Before copying, find the line below that contains "Port Stanley Vintage Mesh Dark Brown Hat"; then return it and all later lines exactly, up to and including the final line, with no pictures.

(Brief descriptive captions)
+ + + +

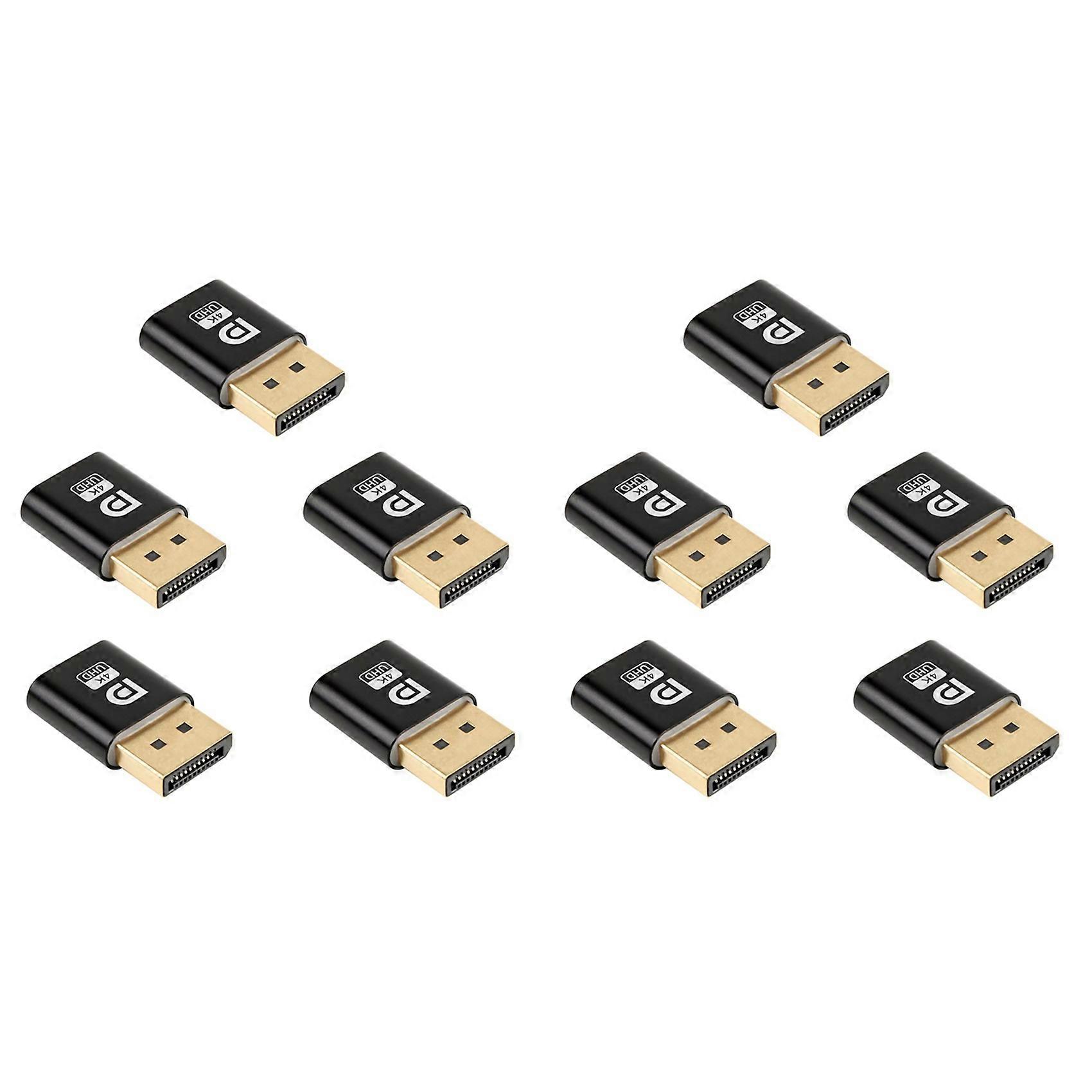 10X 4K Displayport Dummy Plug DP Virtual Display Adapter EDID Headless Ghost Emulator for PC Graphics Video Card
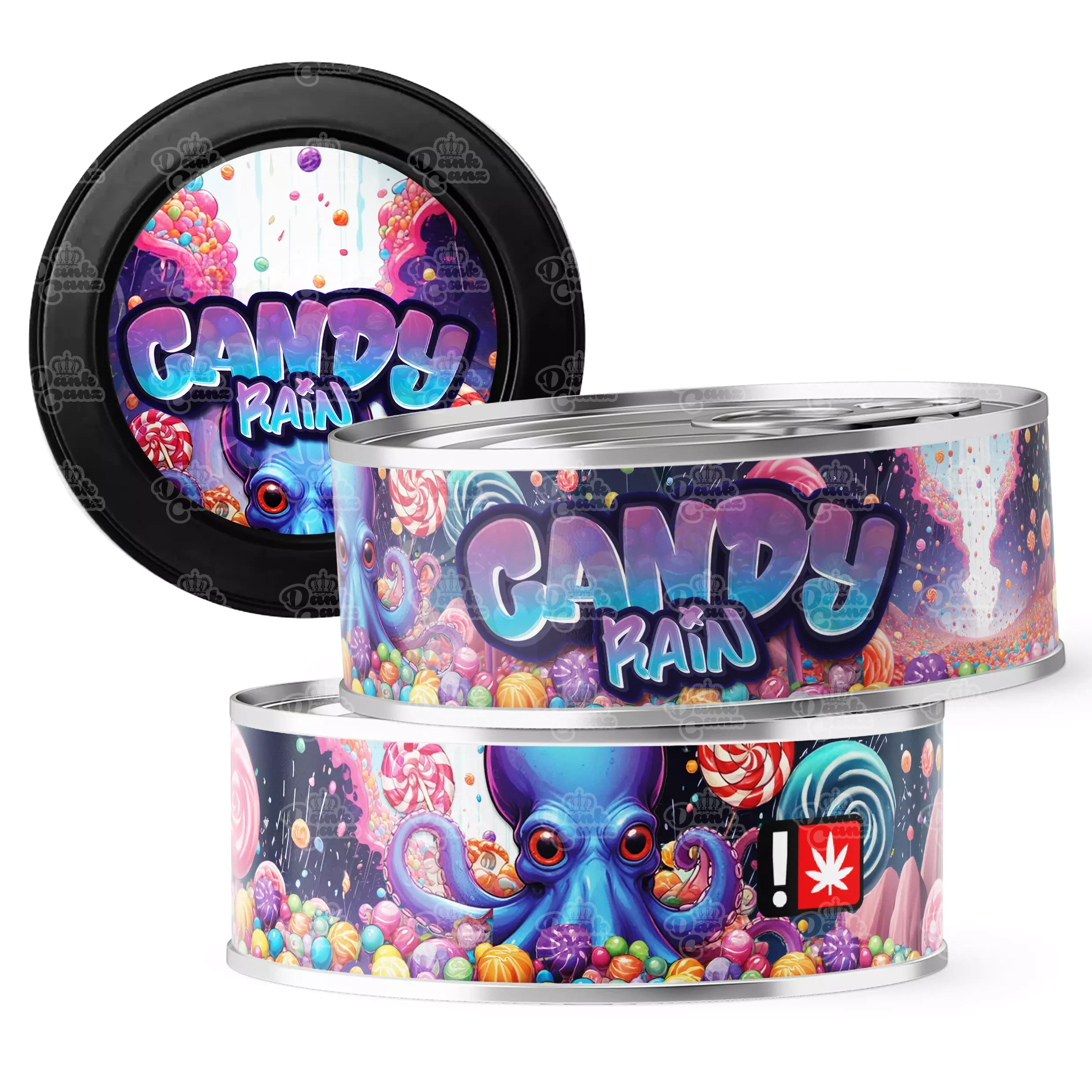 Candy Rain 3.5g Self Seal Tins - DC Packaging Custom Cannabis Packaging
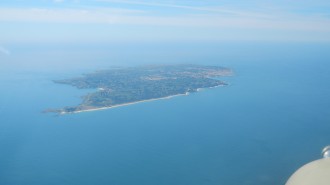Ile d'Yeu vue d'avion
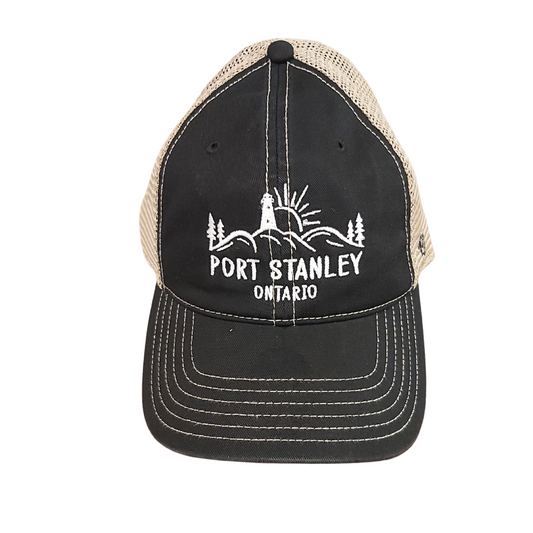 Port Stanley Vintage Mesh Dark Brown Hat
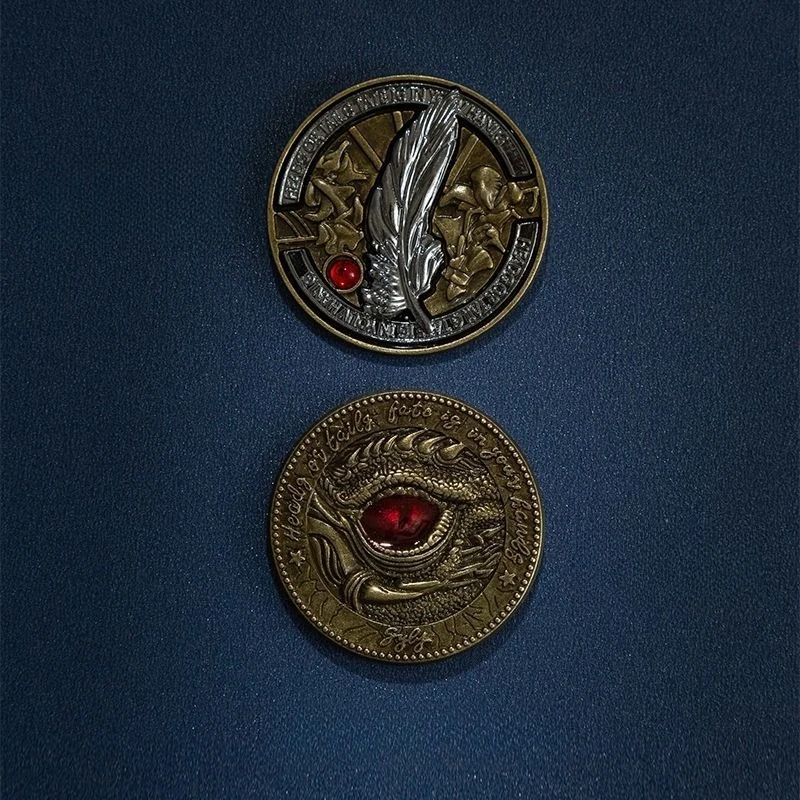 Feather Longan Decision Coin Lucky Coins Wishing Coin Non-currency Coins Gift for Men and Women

+ + + +

## [Your response]
 Port Stanley Vintage Mesh Dark Brown Hat
 Feather Longan Decision Coin Lucky Coins Wishing Coin Non-currency Coins Gift for Men and Women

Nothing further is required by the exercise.